- [What the task requires]: Could you give the records below again exactly, without the pictures?

# # # # #

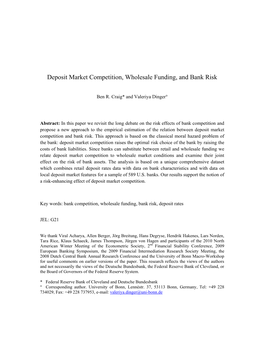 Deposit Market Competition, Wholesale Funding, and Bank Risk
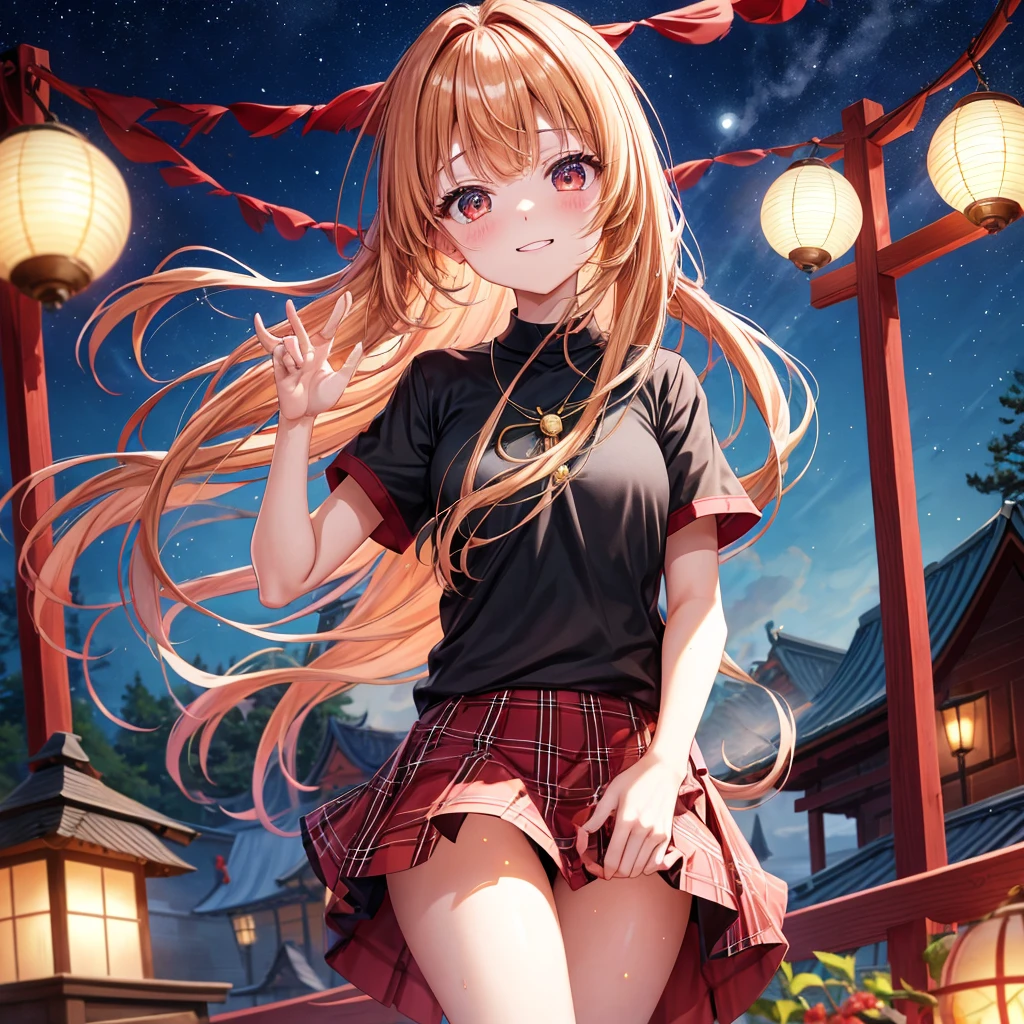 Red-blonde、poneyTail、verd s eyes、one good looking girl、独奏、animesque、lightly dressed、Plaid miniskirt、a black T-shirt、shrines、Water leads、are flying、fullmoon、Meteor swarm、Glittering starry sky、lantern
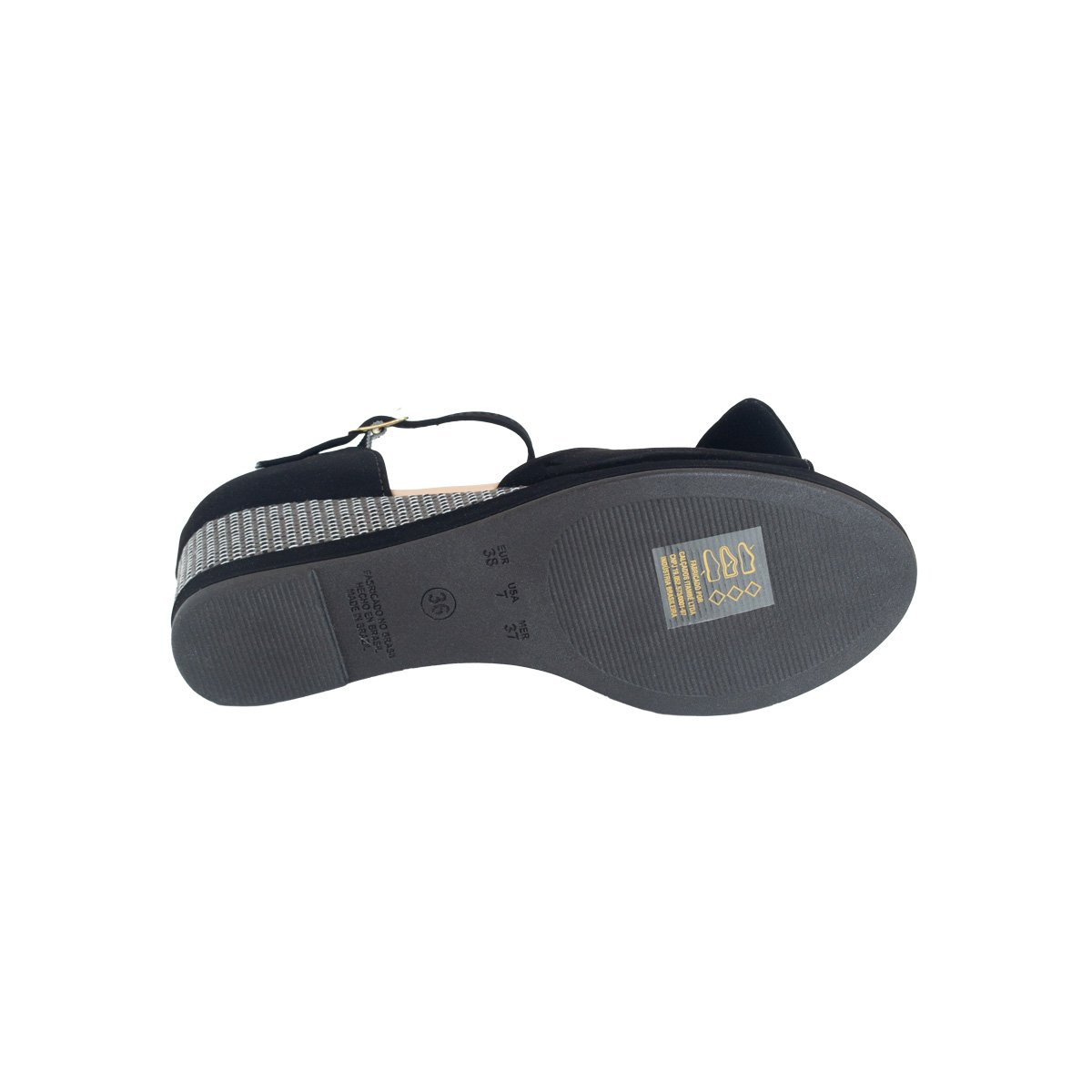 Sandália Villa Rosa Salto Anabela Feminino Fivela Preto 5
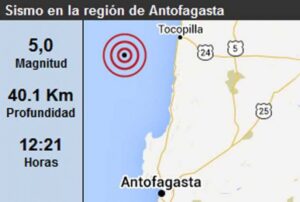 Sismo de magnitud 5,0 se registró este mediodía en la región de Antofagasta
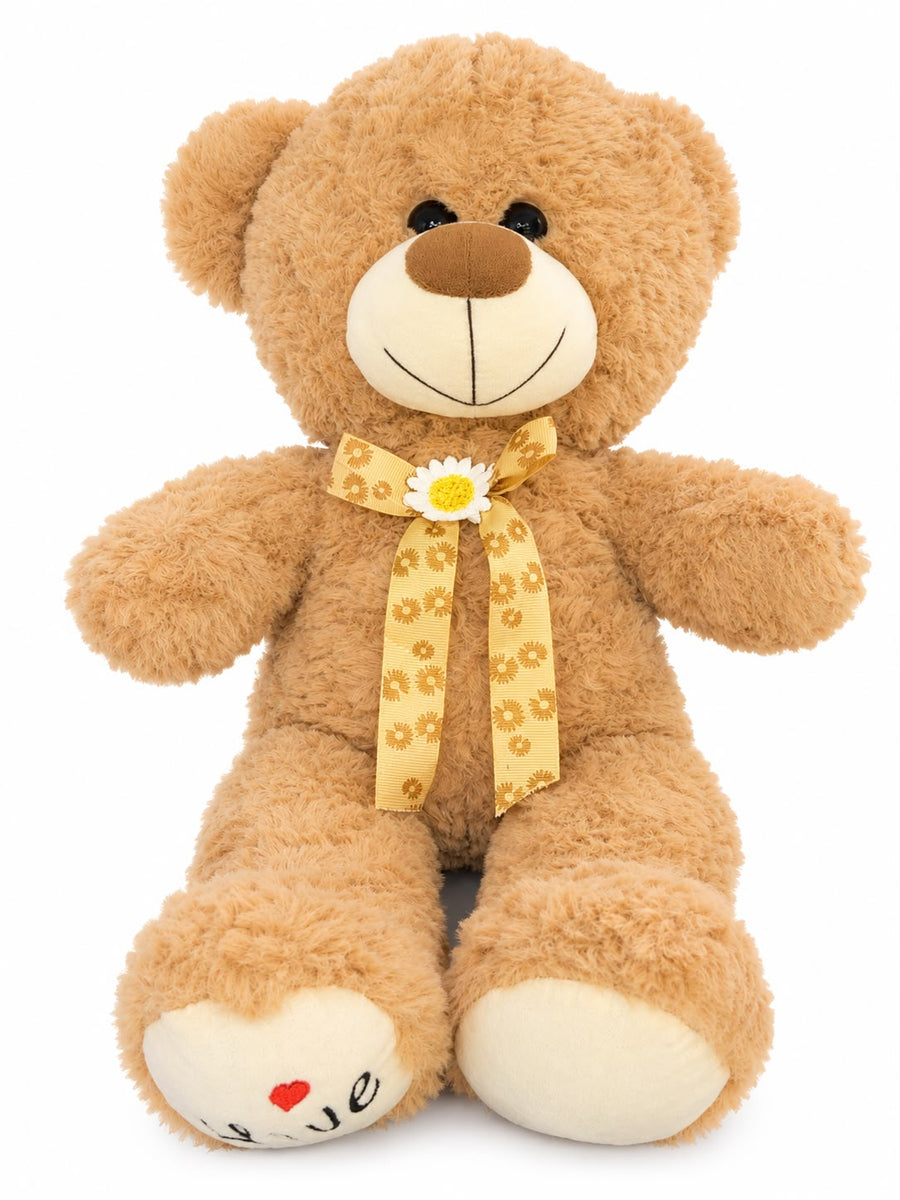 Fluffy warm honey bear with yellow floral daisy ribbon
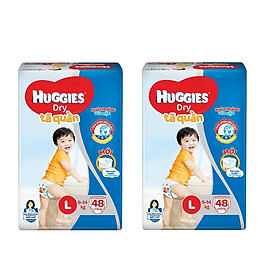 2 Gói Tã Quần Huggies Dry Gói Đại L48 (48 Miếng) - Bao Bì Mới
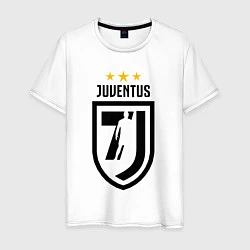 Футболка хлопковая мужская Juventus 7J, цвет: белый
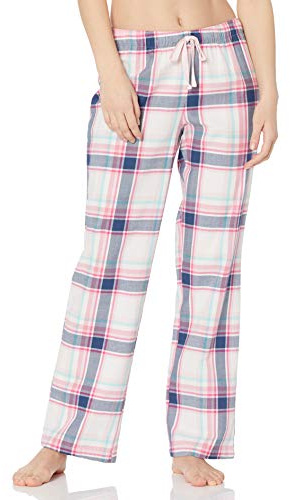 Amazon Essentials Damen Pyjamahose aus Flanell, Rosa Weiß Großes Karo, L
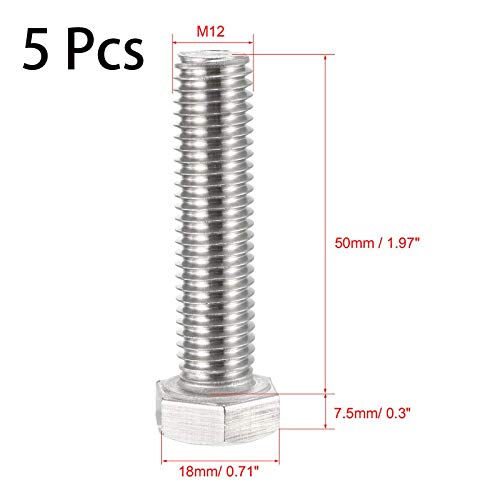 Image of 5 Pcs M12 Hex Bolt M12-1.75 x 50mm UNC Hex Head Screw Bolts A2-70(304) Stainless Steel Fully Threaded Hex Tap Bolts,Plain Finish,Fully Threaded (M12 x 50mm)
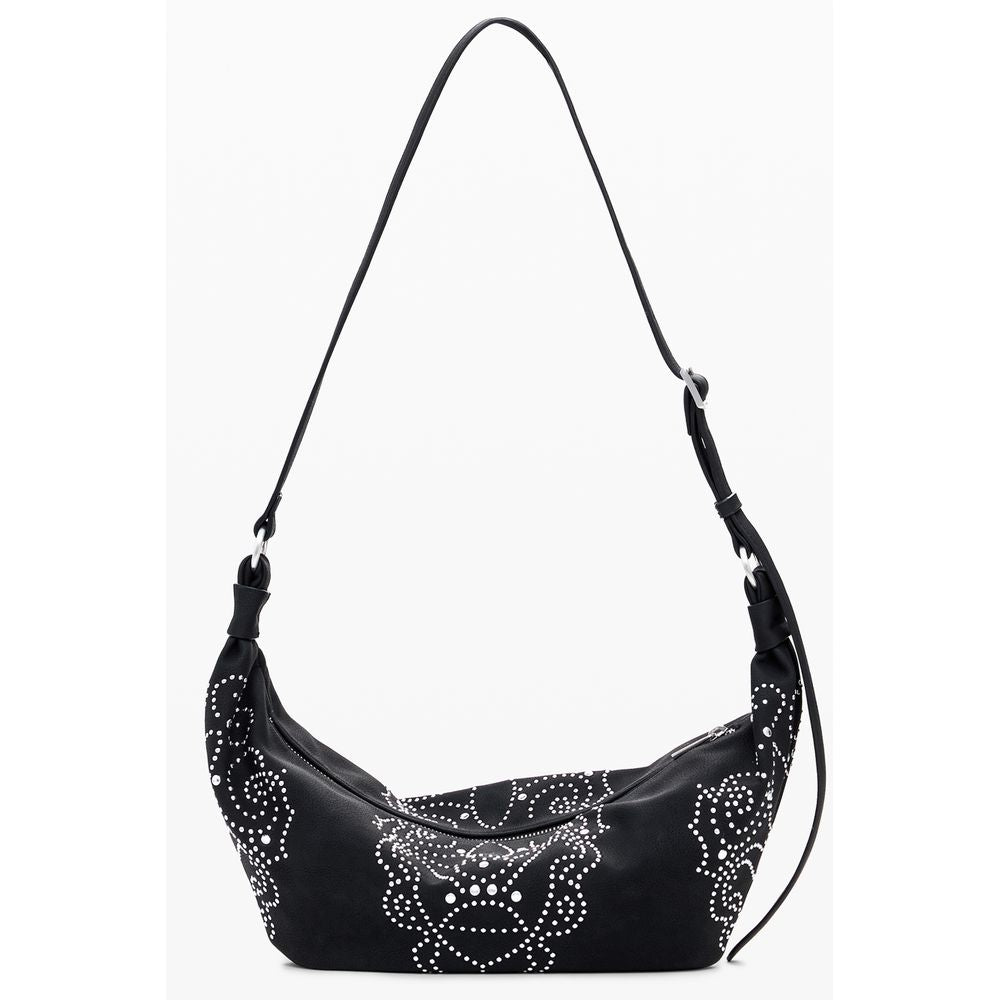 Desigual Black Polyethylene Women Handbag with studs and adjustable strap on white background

# # # # #

- [Solution to this task]:
 Deposit Market Competition, Wholesale Funding, and Bank Risk
 Red-blonde、poneyTail、verd s eyes、one good looking girl、独奏、animesque、lightly dressed、Plaid miniskirt、a black T-shirt、shrines、Water leads、are flying、fullmoon、Meteor swarm、Glittering starry sky、lantern
 Sandália Villa Rosa Salto Anabela Feminino Fivela Preto 5
 Sismo de magnitud 5,0 se registró este mediodía en la región de Antofagasta
 Fluffy warm honey bear with yellow floral daisy ribbon
 2 Gói Tã Quần Huggies Dry Gói Đại L48 (48 Miếng) - Bao Bì Mới
 Футболка хлопковая мужская Juventus 7J, цвет: белый
 Amazon Essentials Damen Pyjamahose aus Flanell, Rosa Weiß Großes Karo, L
 Image of 5 Pcs M12 Hex Bolt M12-1.75 x 50mm UNC Hex Head Screw Bolts A2-70(304) Stainless Steel Fully Threaded Hex Tap Bolts,Plain Finish,Fully Threaded (M12 x 50mm)
 Desigual Black Polyethylene Women Handbag with studs and adjustable strap on white background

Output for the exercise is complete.